Toronto, ON – December 19, 2018: ARHT Media Inc. (the “Company” or “ARHT”) (TSX-V:ART), the global leader in holographic telepresence, is pleased to announce it has closed the second tranche (the “Second Tranche”) of the previously announced non-brokered private placement of units (the “Units”). The Company issued 8,926,667 Units as part of the Second Tranche at a price of $0.09 per Unit for aggregate gross proceeds of $803,400.03.
Each Unit consists of one common share of the Company (a “Share”) and one common share purchase warrant (a “Warrant”). Each Warrant entitles the holder thereof to acquire one Share at a price of $0.13 for a period of 36 months following the closing date of the Second Tranche.
The net proceeds from the Second Tranche will be used for general working capital purposes and to acquire equipment related to the business.

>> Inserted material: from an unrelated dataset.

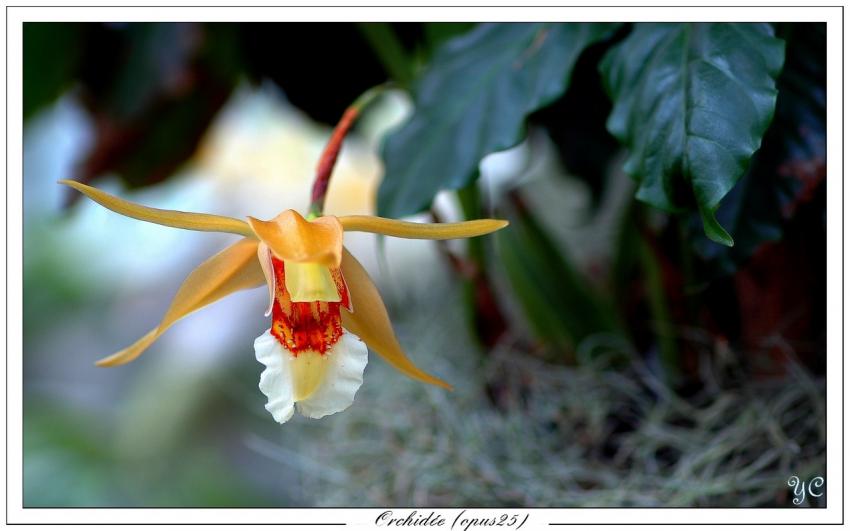 Orchide (opus25)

The Second Tranche is subject to final approval of the TSX Venture Exchange. The securities issued pursuant to the Second Tranche will be subject to a four month and one day statutory hold period expiring on April 20, 2019. No finder warrants or finder fees were paid in connection with the closing of the Second Tranche. The Company anticipates closing the final tranche of the offering in the coming weeks.

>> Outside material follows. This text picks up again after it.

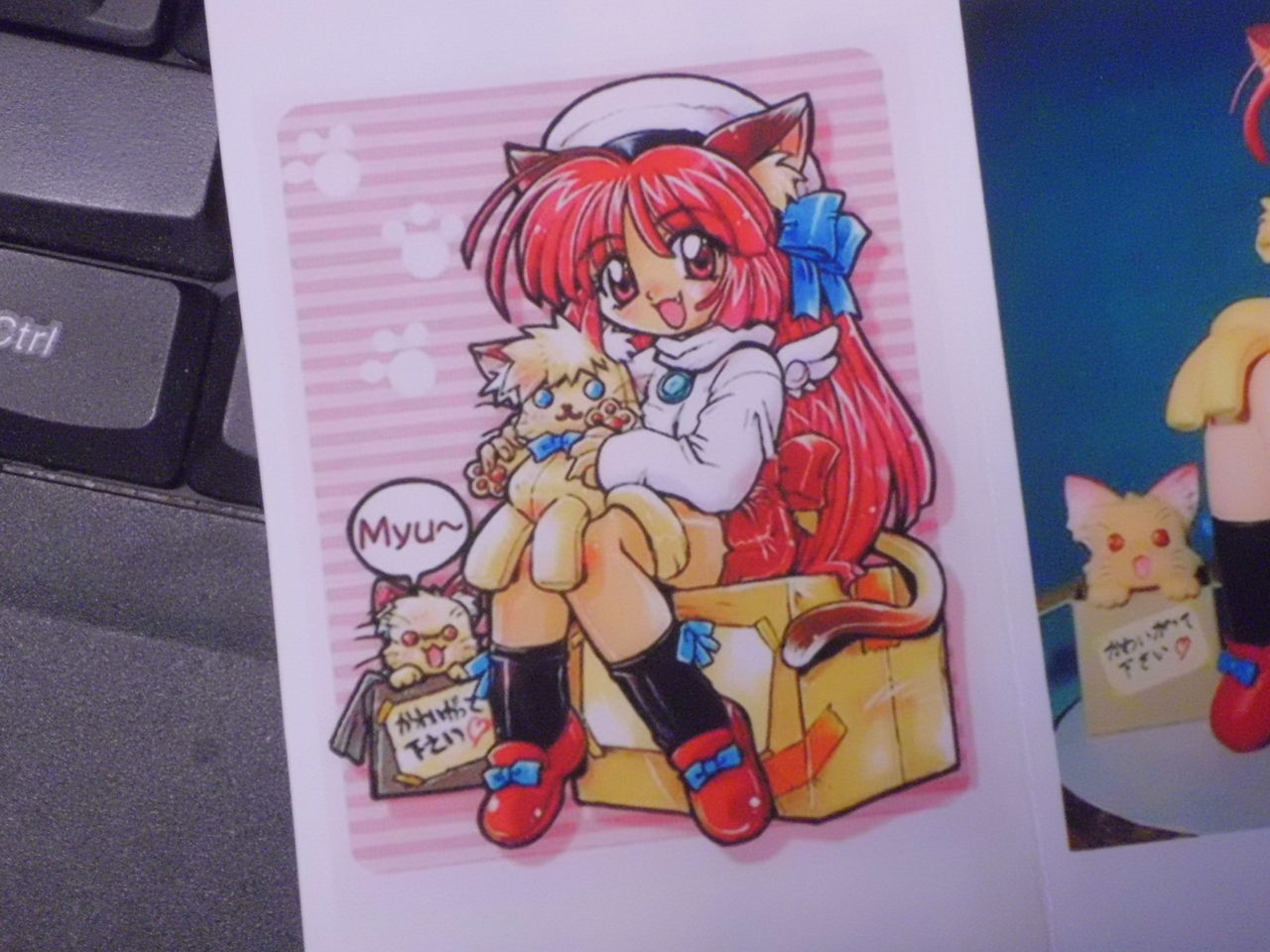イメージ 3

Certain insiders of the Company have subscribed for Units pursuant to the Second Tranche (the “Insider Participation”). The Insider Participation will be considered to be a “related party transaction” as defined under Multilateral Instrument 61-101 (“MI 61-101”). The Insider Participation is exempt from the formal valuation and minority shareholder approval requirements of MI 61-101.
About ARHT Media
ARHT’s patented Augmented Reality Holographic Telepresence technology is the world’s first complete end-to-end solution for the creation, transmission, and delivery of lifelike digital human holograms. The Company’s technology is protected by U.S. Patent No. 9,581,962.
Connect with ARHT Media
ARHT Media trades under the symbol “ART” on the Toronto Venture Stock Exchange.
ARHT Media Press Contact
This press release contains “forward-looking information” within the meaning of applicable Canadian securities legislation. Forward-looking information includes, but is not limited to, statements with respect to the closing of the Second Tranche or the use of proceeds of the Second Tranche. Generally, forward looking information can be identified by the use of forward-looking terminology such as “plans”, “expects” or “does not expect”, “is expected”, “budget”, “scheduled”, “estimates”, “forecasts”, “intends”, “anticipates” or “does not anticipate”, or “believes”, or variations of such words and phrases or state that certain actions, events or results “may”, “could”, “would”, “might” or “will be taken”, “occur” or “be achieved”. Forward-looking information is subject to known and unknown risks, uncertainties and other factors that may cause the actual results, level of activity, performance or achievements of the Company to be materially different from those expressed or implied by such forward-looking information, including but not limited to: general business, economic and competitive uncertainties; regulatory risks; risks inherent in technology operations; and other risks of the technology industry. Although the Company has attempted to identify important factors that could cause actual results to differ materially from those contained in forward-looking information, there may be other factors that cause results not to be as anticipated, estimated or intended. There can be no assurance that such information will prove to be accurate, as actual results and future events could differ materially from those anticipated in such statements. Accordingly, readers should not place undue reliance on forward-looking information. The Company does not undertake to update any forward-looking information, except in accordance with applicable securities laws.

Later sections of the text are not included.